(GIVEN MATERIAL begins)

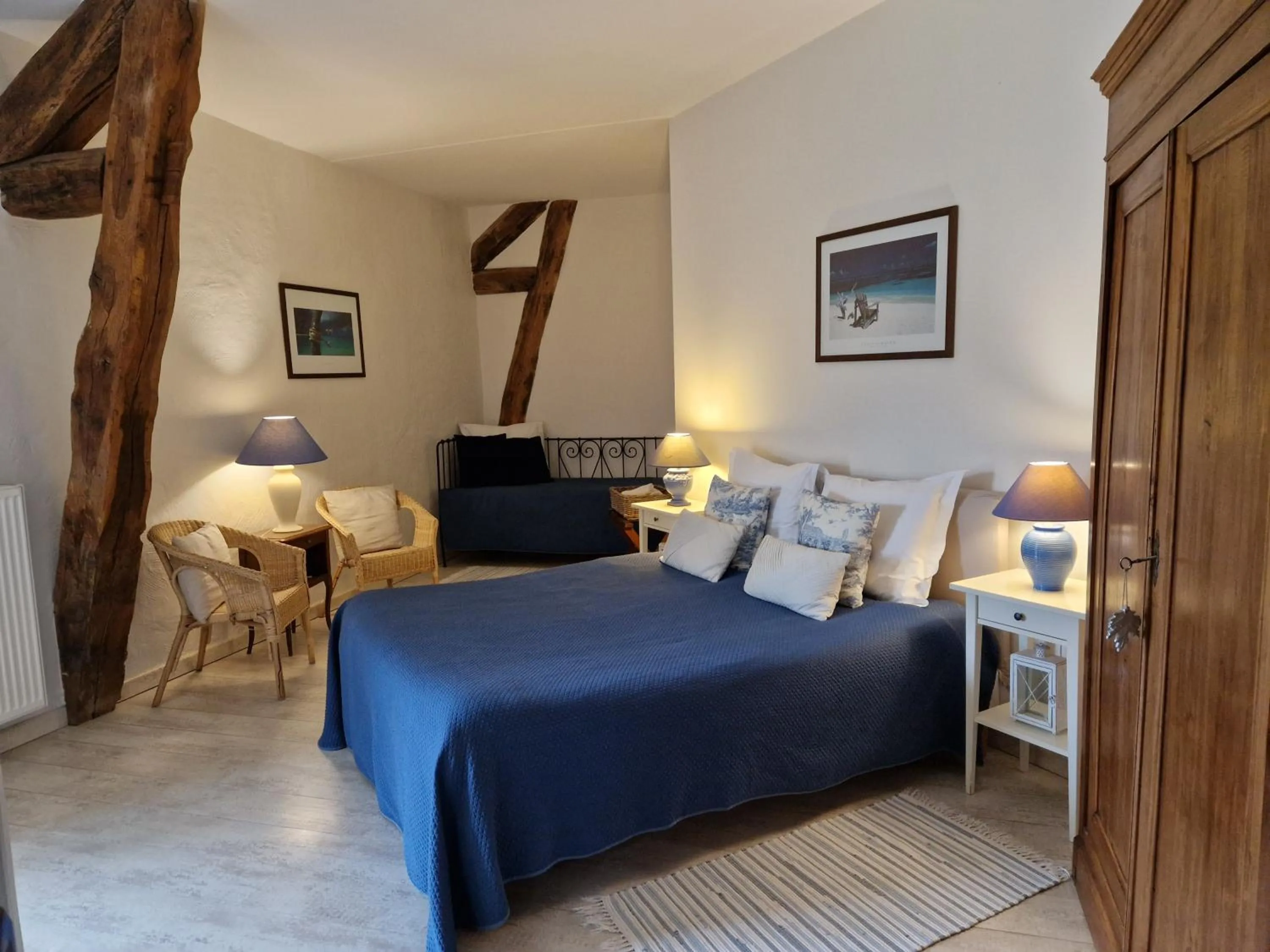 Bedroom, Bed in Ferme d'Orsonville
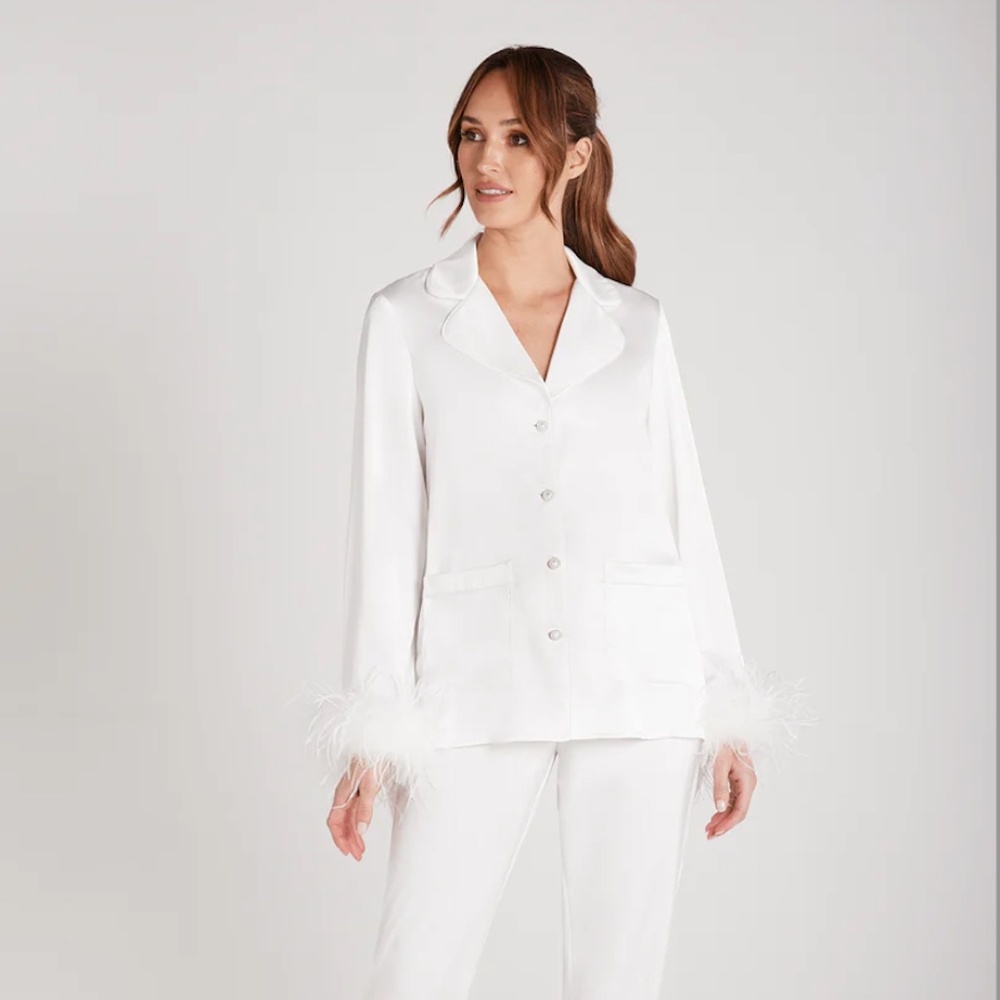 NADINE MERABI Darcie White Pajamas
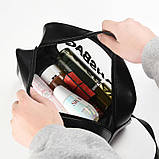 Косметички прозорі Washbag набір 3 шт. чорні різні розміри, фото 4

(GIVEN MATERIAL ends)

— PROBLEM DETAILS —
Set down the data above exactly as written. Omit the pictures.

— RESULT FOR THIS TASK —
 Bedroom, Bed in Ferme d'Orsonville
 NADINE MERABI Darcie White Pajamas
 Косметички прозорі Washbag набір 3 шт. чорні різні розміри, фото 4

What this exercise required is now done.